Blessed Trinity Roman Catholic College is a coeducational Roman Catholic secondary school located in Burnley, Lancashire, England.

History
The school opened in 2006 as part of ambitious plan to replace all of the district's 11 to 16 schools, funded by a government public–private partnership programme called Building Schools for the Future. It was formed from the merger of St Theodore's Boys High School and St Hilda's Girls' High School and initially occupied split sites of the former St Hilda's and Habergham Sixth Form Centre. Bernadette Bleasdale, who had been the head of St Hilda's since 1992, became the new school's first head teacher.

Former schools
St Theodore's RC High School was a boys' 11 to 16 school with a mixed sixth form.

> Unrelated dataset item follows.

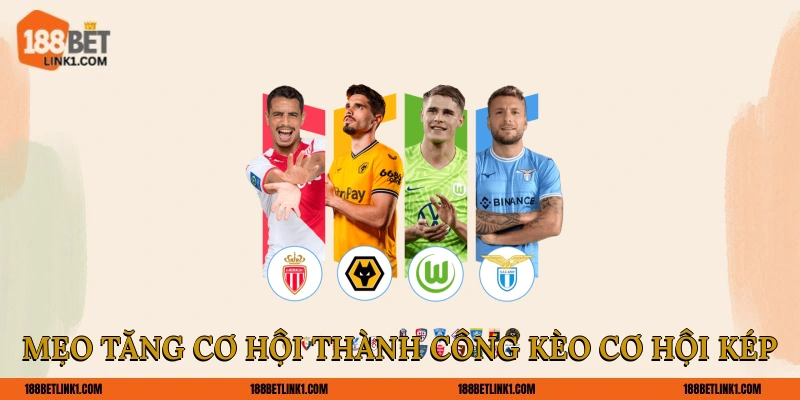 Kèo Cơ Hội Kép Luôn 188BET Bật Mí Cách Hái Ra Tiền Mẹo tăng cơ hội thành công kèo cơ hội kép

St Hilda's RC High School was a girls' high school, which originally opened in 1954.

History
Following an inspection by Ofsted in 2008, Blessed Trinity was awarded the status of a "good school, with outstanding elements".

Shortly after Ofsted placed the school in special measures in 2011, Bleasdale announced her retirement. Richard Varey took over as head teacher, and the school exited special measures in 2013.

New building
Demolition started on the former St Theodore's site in 2008, and the school moved into a new £24m building in 2010. The new college holds approximately 1,000 students, and will eventually hold a 1,250 capacity.

Academy
Previously a voluntary aided school administered by Lancashire County Council, Blessed Trinity converted to academy status in 2020. The school is now sponsored by the Romero Catholic Academy Trust.

Attainment

In 2007, the school's value-added measure was 1006.7 (national average 1000). In 2010, the school was again the highest performing in the borough in terms of GCSE results.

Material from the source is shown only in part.